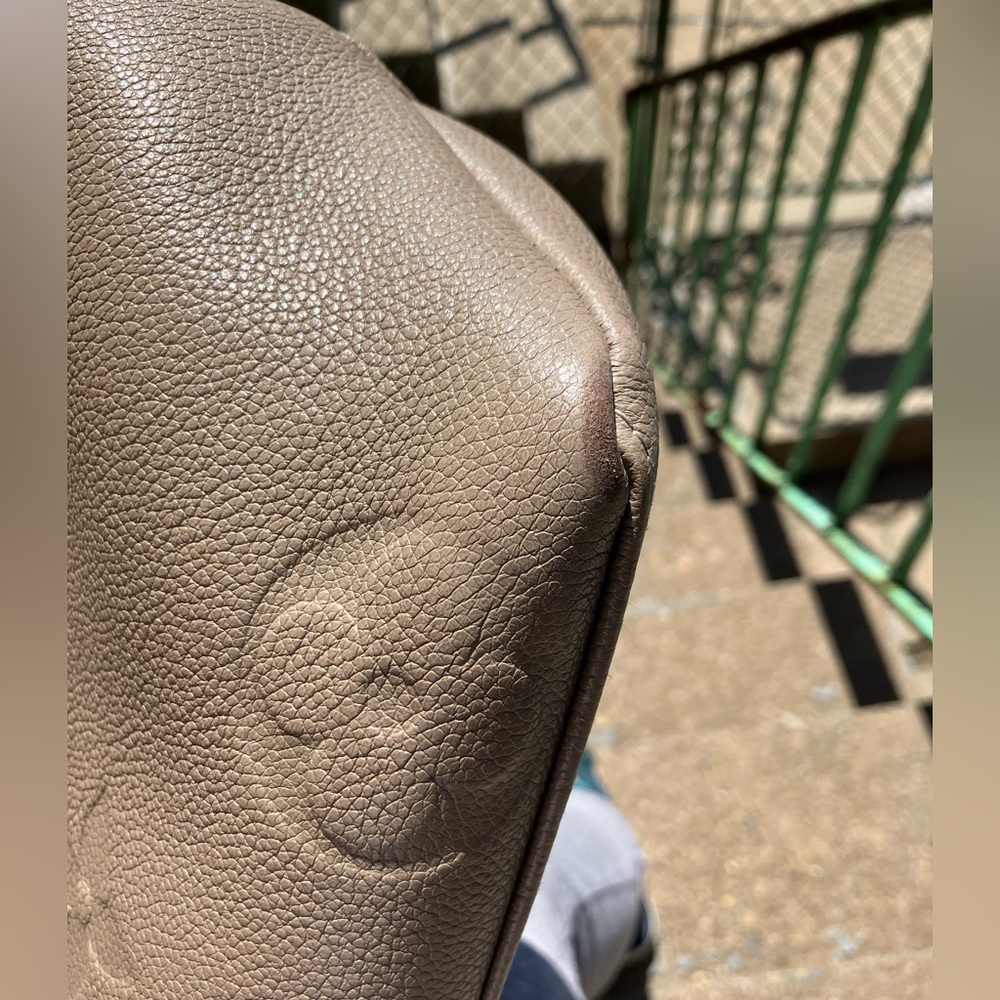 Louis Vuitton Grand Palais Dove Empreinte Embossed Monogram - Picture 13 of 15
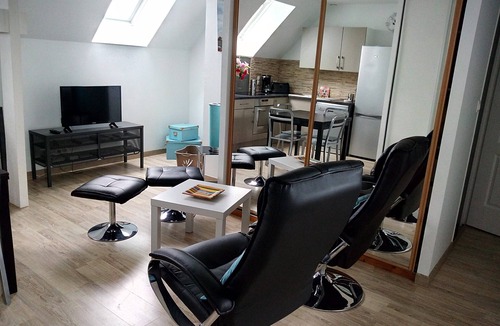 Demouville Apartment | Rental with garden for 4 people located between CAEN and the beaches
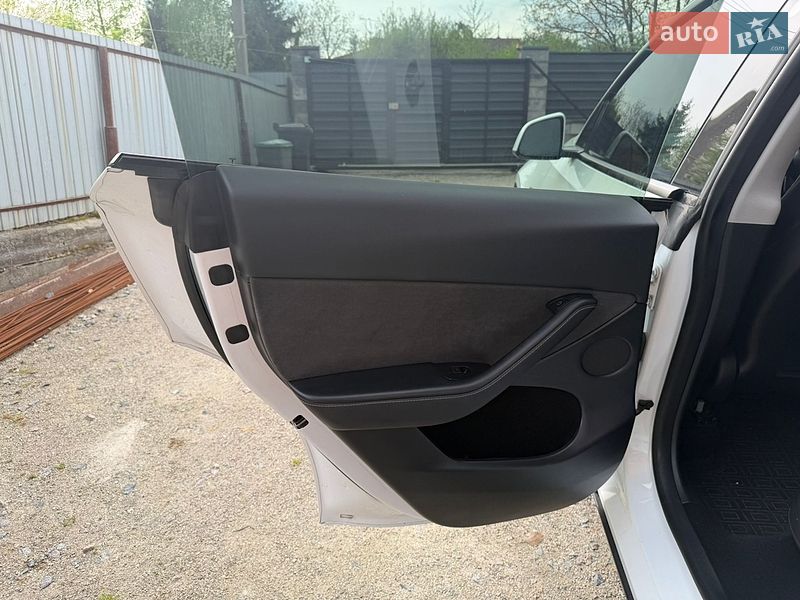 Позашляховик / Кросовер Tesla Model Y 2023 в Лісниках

==================================================

All of the lines above must be printed again exactly, and no picture may appear in the copy.

 Louis Vuitton Grand Palais Dove Empreinte Embossed Monogram - Picture 13 of 15
 Demouville Apartment | Rental with garden for 4 people located between CAEN and the beaches
 Позашляховик / Кросовер Tesla Model Y 2023 в Лісниках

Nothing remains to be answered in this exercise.